Simanek also rejected the Trump campaign’s efforts to strike about 5,500 ballots where clerks completed a witness’ address, which is also allowed under Wisconsin Election Commission guidance.

In addition, he rejected the Trump campaign’s efforts to reject about 17,000 ballots collected at “Democracy in the Park” events sponsored by the city of Madison earlier this year. Republicans raised concerns about those events before they were held but never challenged them in court.

Simanek’s ruling was just the latest setback for Trump, who has now lost several cases in Wisconsin’s state and federal court systems.

The Wisconsin Supreme Court rejected the Trump campaign’s initial lawsuit on a 4-3 ruling, with conservative Justice Brian Hagedorn joining the court’s liberals in ruling the case must first be filed in circuit court. Trump’s campaign filed new cases in Dane and Milwaukee County circuit courts after the ruling. Those lawsuits were then combined by Wisconsin Supreme Court Chief Justice Patience Roggensack, who also assigned them to Simanek.

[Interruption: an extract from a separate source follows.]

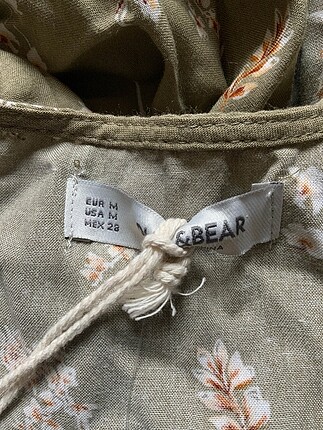 m Beden Pull and Bear Bluz %70 İndirimli.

The Supreme Court’s initial ruling on Trump’s lawsuit did not address the merits of the case.

The state Supreme Court also rejected another lawsuit filed by Chippewa Falls attorney Karen Mueller, arguing absentee ballot drop boxes are illegal.

Justices also rejected an additional lawsuit filed by an attorney for the Thomas More Society, a Chicago-based conservative law firm. Hagedorn wrote a scathing decision in that case, calling it “the most dramatic invocation of judicial power I have ever seen.”

Trump’s allies have also lost one case in Wisconsin’s federal court system as Judge Pamela Pepper ruled she lacked the legal standing under the U.S. Constitution to overturn a state’s election results.

Trump himself filed another federal lawsuit, where a judge could issue a decision at any moment.

It’s highly unusual, if not unprecedented, for the Wisconsin Supreme Court to hold arguments on a Saturday, which underscores the time-sensitive nature of this case.

Presidential electors are scheduled to meet to cast their votes Monday.